Opinion
2:20-CV-371-TLS
08-16-2024
OPINION AND ORDER
THERESA L. SPRINGMANN UNITED STATES DISTRICT COURT JUDGE
Beginning in 2013, the Plaintiff Primary Construction, Inc. (Primary Construction), owned by Adrienne Moss, has been awarded construction contracts with the Defendant City of East Chicago. However, on October 16, 2020, the Plaintiff filed a Complaint [ECF No. 1] in this Court, alleging the Defendant racially discriminated against it in enforcement of a 2017 contract for work at 3610 Alder Street in East Chicago, Indiana. This matter is before the Court on Defendant's, City of East Chicago, Motion for Summary Judgment [ECF No. 36], which is fully briefed and ripe for ruling. For the reasons set forth below, the Court GRANTS the Defendant's motion.
SUMMARY JUDGMENT STANDARD
Summary judgment is warranted when “the movant shows that there is no genuine dispute as to any material fact and the movant is entitled to judgment as a matter of law.” Fed.R.Civ.P. 56(a). The movant may discharge this burden by “either: (1) showing that there is an absence of evidence supporting an essential element of the non-moving party's claim; or (2) presenting affirmative evidence that negates an essential element of the non-moving party's claim.” Hummel v.
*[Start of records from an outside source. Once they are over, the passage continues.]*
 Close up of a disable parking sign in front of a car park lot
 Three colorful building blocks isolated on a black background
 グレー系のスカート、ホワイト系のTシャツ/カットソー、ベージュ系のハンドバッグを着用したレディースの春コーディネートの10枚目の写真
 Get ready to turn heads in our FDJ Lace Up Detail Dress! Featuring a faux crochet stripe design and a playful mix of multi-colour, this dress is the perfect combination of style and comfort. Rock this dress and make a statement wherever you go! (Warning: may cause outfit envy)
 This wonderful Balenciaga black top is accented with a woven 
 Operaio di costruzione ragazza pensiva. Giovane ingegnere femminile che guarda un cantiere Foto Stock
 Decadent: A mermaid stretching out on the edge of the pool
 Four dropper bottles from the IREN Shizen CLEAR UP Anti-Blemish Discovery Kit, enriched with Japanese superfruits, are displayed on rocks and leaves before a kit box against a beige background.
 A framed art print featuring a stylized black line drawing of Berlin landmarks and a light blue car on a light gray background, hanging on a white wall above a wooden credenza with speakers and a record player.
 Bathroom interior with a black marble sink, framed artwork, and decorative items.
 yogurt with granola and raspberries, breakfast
St. Joseph Cnty. Bd. of Comm'rs, 817 F.3d 1010, 1016 (7th Cir. 2016) (citation omitted). In response, the non-movant “must make a sufficient showing on every element of [her] case on which [she] bears the burden of proof; if [she] fails to do so, there is no issue for trial.” Yeatts v. Zimmer Biomet Holdings, Inc., 940 F.3d 354, 358 (7th Cir. 2019) (citing Celotex Corp. v. Catrett, 477 U.S. 317, 323 (1986)). In ruling on a motion for summary judgment, a court must construe all facts and draw all reasonable inferences in the light most favorable to the nonmoving party. Id. (citation omitted). A court's role “is not to sift through the evidence, pondering the nuances and inconsistencies, and decide whom to believe. The court has one task and one task only: to decide, based on the evidence of record, whether there is any material dispute of fact that requires a trial.” Waldridge v. Am. Hoechst Corp., 24 F.3d 918, 920 (7th Cir. 1994) (citations omitted).
The facts offered by the parties are considered only to the extent they are supported by the properly cited evidence of record.
A. Contracts
As referenced in the Complaint, on October 16, 2017, the Defendant and the Plaintiff entered into an agreement for the Plaintiff to perform dwelling and site repairs at 3610 Alder Street in East Chicago, Indiana (Alder Street Contract). See Def. Ex. 1, ECF No. 39-1. The Alder Street Contract indicated that the Plaintiff was to perform and complete the dwelling and site repairs “in a proper and workmanlike manner, consistent with the highest standards of professional and construction practices and in full compliance with . . . this Contract.” Id. at Section 1.1, ¶ 7. The Alder Street Contract provided that “[u]ntil final payment, all parts of the Work shall be subject to inspection and testing by [the City] or its designated representatives.” Id. at Section 3.1, ¶ A. And “[u]ntil final payment, [the Plaintiff] shall, promptly and without charge, repair, correct, or replace all or any part of the Work that is defective, damaged, flawed, or unsuitable or that in any way fails to conform strictly to the requirements of [the] Contract.” Id. at Section 3.1, ¶ B.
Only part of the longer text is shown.